Work task
Starting at the line that contains "Ford ESCAPE SE", transcribe every remaining line of the data below exactly, and omit all pictures.

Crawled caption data
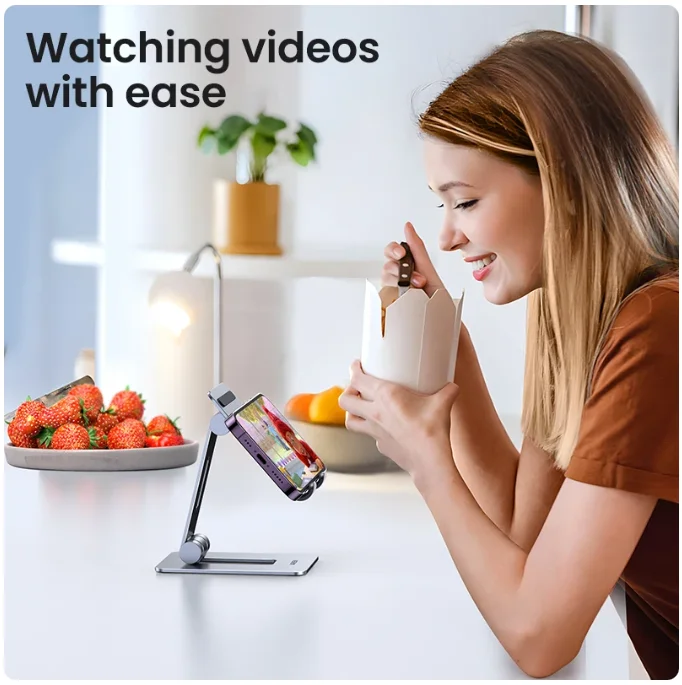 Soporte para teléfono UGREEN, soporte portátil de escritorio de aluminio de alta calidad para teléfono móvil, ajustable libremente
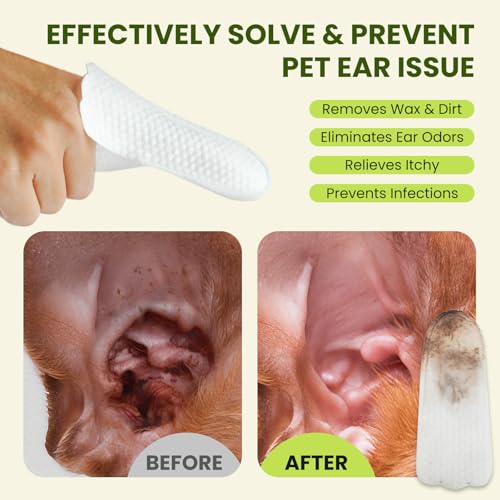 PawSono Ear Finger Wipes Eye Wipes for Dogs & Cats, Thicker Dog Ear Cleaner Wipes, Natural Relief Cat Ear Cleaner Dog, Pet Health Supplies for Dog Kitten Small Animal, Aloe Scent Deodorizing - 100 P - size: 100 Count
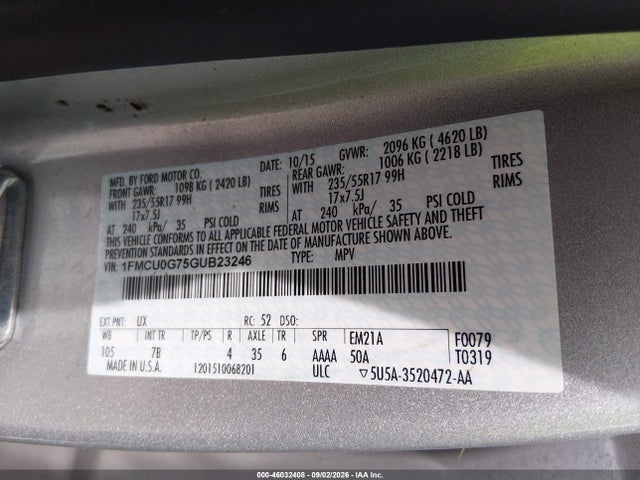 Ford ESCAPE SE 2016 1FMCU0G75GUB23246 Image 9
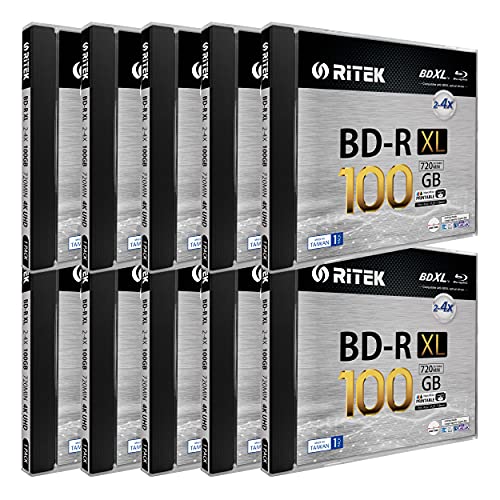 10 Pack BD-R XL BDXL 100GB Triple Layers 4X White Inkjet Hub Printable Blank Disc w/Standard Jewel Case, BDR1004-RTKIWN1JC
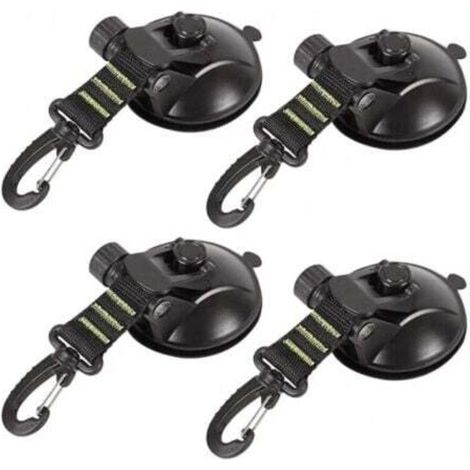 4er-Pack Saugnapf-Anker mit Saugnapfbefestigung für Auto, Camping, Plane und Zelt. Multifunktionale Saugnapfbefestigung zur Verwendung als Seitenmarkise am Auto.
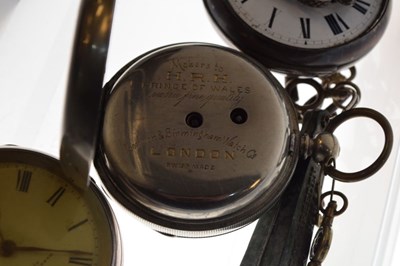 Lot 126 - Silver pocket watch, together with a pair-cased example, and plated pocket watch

Solution to the exercise
 Ford ESCAPE SE 2016 1FMCU0G75GUB23246 Image 9
 10 Pack BD-R XL BDXL 100GB Triple Layers 4X White Inkjet Hub Printable Blank Disc w/Standard Jewel Case, BDR1004-RTKIWN1JC
 4er-Pack Saugnapf-Anker mit Saugnapfbefestigung für Auto, Camping, Plane und Zelt. Multifunktionale Saugnapfbefestigung zur Verwendung als Seitenmarkise am Auto.
 Lot 126 - Silver pocket watch, together with a pair-cased example, and plated pocket watch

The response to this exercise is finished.